The advancement in the field of image processing is not confined to the above applications but has been extended to military applications. For example, spy robots have been seen equipped with a color sensor, which helps them to camouflage based on the environment. Advanced robots now use image processing techniques to camouflage rather than using color sensors [
5]. Another application in military robots has been seen in recent years: motion tracking. Based on motion tracking, several operations can now be done, for example, triggering a security alarm or remote elimination using a controllable weapon [
10].
In recent years spy robots with live video transmission have been used to conduct highly dangerous remote operations, for example, surveillance in terrorist areas in which mines have been planted. In the early stages, these robots were used to defuse the mines using remote operations. However, with the advancement of technology, they can also be used to conduct search operations on enemy ground to detect and defuse mines. Furthermore, mine detection and motion tracking were initially based on the image subtraction algorithm, also known as SAD [
11].
Moreover, in armies of under-developed countries, no such projects have yet to detect targets automatically with the database feed. In our project, unlike a traditional gun, the robot uses a laser gun to detect the target using image processing automatically; then, it will shoot it with a laser gun. The laser gun is used in advanced military projects nowadays; high-power laser guns have a variety of applications [
12]. For example, it has been used for the elimination of water-to-air targets. Similarly, advanced militaries are using laser guns to shoot down ground-to-air targets, i.e., enemy drones, etc. [
13,
14].
Moreover, in our project, the turret, equipped with a laser gun, can also be controlled manually in case the facial features are unclear or we find a potential risk in the live transmission that is not in our database.

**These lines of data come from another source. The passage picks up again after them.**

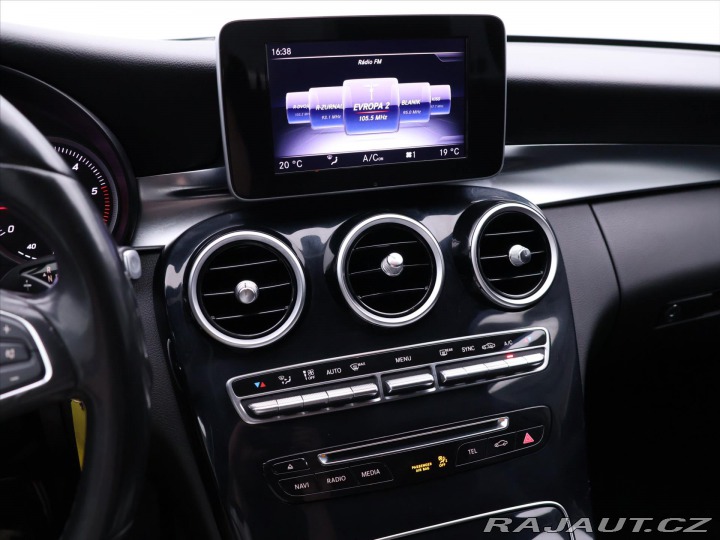 Mercedes-Benz C 2,1 220d 125KW Aut. LED D 2015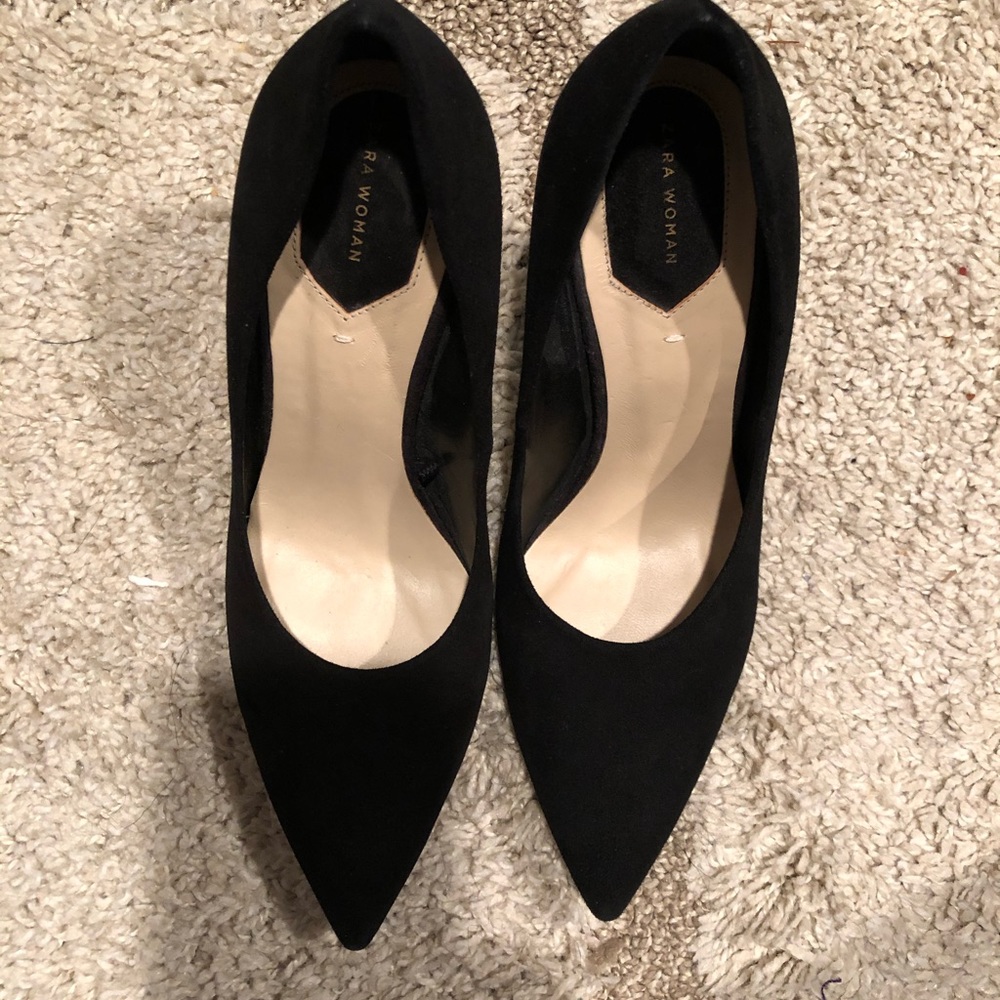 Suede Zara black pumps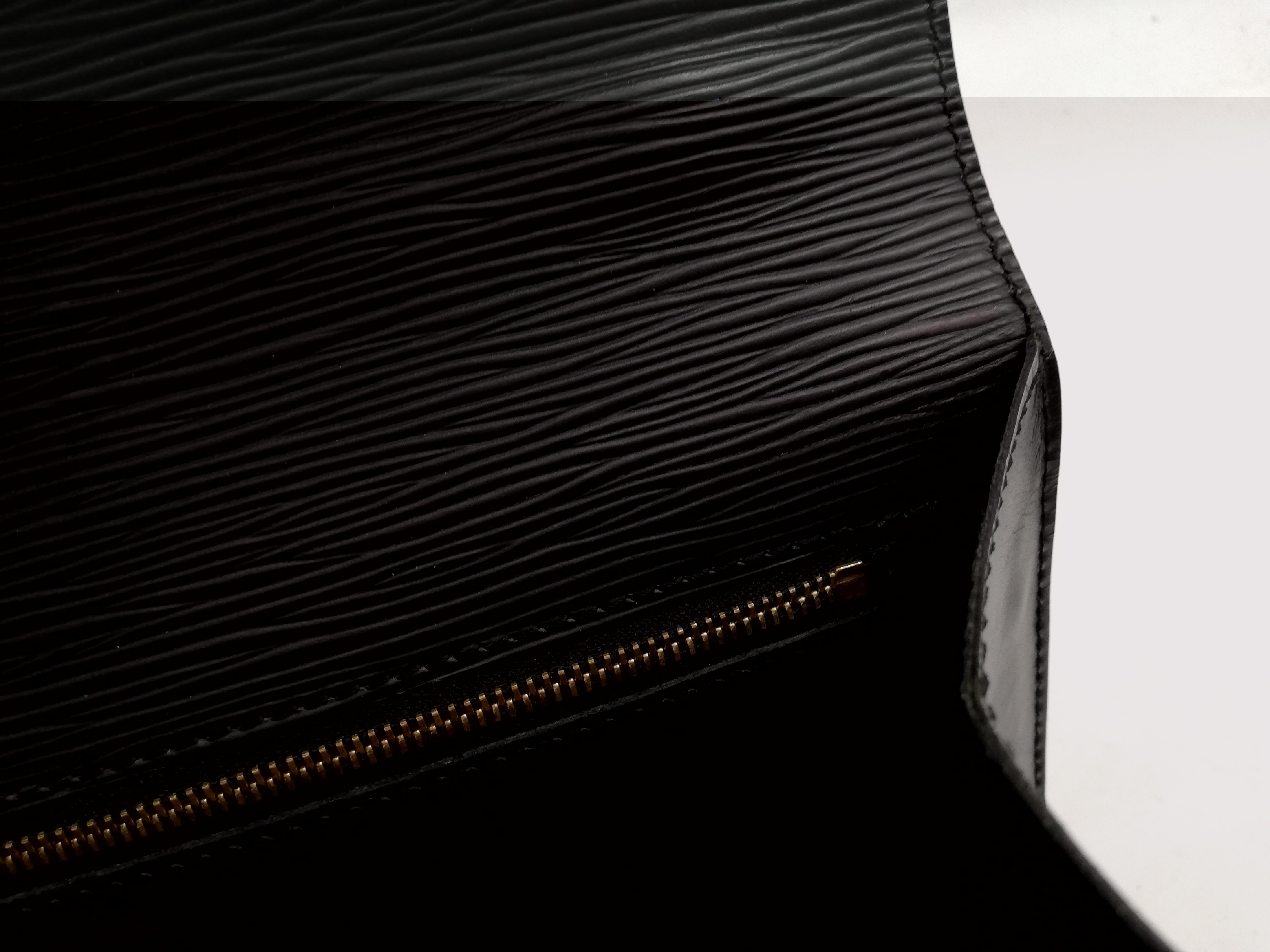 Epi Monceau M52122 Noir Handbag — view 13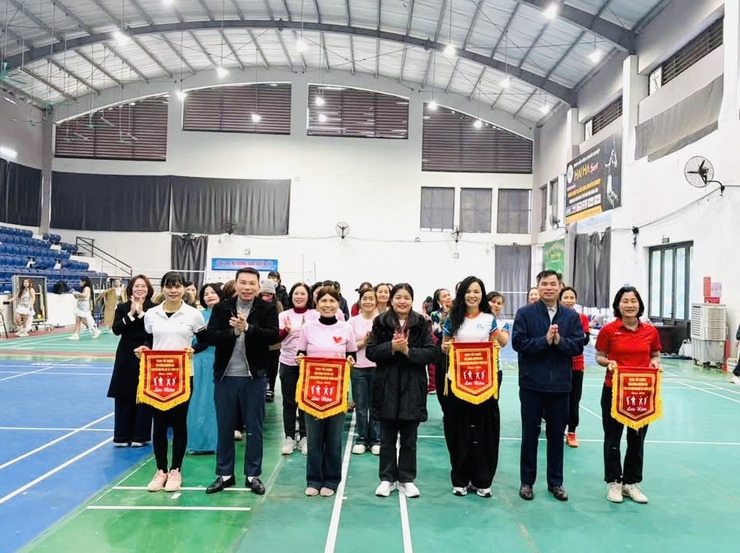Hội Liên hiệp Phụ nữ xã Thiên Lộc tổ chức Giao lưu Bóng chuyển hơi- Ảnh 1.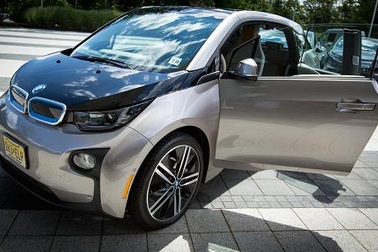 Trung Quốc nới lỏng nhập khẩu để kiềm chế giá xe sang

As this robot is wireless and equipped with the advantage of live video transmission, there is no need to install expensive hard drives to store the data on the robot. It will also help reduce weight significantly. On the contrary, this video streaming can be used in real-time to act. We can also store the video on any PC in headquarters, not on the robot.
To improve the processing speed of images taken from the live video transmission and to implement more accurate and real-time facial recognition, an advanced algorithm has been used in this project which processes the images in a matter of seconds and not only detects the specified target but also processes real-time localization of the target within the frame of reference. This real-time localization helps calculate the exact position of the target in the structure of reference using the LBPH algorithm [
15]. Some existing works also used the LBPH algorithm, where authors [
16] used this algorithm in drone technology; the system provides 89.1% efficiency. In another research study [
16], the LBPH algorithm is built into drone technology that exhibits 98% efficiency. In the proposed research, an intelligent LBPH algorithm is developed in radio-controlled UGV. The difference between the works [
16,
17] and ours is that although we employ many samples—roughly 50 for each object—and the number can be expanded to an endless number, the recognition accuracy improves as the number of samples increases. Therefore, a 99.8% precision factor is something we are capable of. Furthermore, since we have improved the database with many samples, we can identify numerous people simultaneously. In addition, we used a single high-definition camera on the robot because the mobile robot’s visual control interface, just one camera, can make it simple to operate [
18].
After exact coordinates are found, it draws a rectangle around the face of the target, and the coordinates of this rectangle are sent to the robot wirelessly over Wi-Fi. As the person moves in the graphical video frame of reference, an image processing technique named object localization is used to track the movement of the face in real-time [
19,
20,
21].
Then, with basic mathematics, conversion is performed using the coordinates, and the aim of the turret is controlled. As mentioned earlier, this spy robot is controllable over a wide range of km over an RF line. Previously these kinds of spy robots could not communicate on secure RF lines, and this communication could be tempered at any time. Still, in this project, RF communication is performed over secure lines. As mentioned earlier, this robot can be controlled manually and has two modes. The first is a radio controller, and the other is a Python-based GUI. The radio controller comprises four analog channels and three digital channels. Two analog channels are used to control the movement of the robot, two for the movement of the turret, and digital channels are used for laser targeting, etc.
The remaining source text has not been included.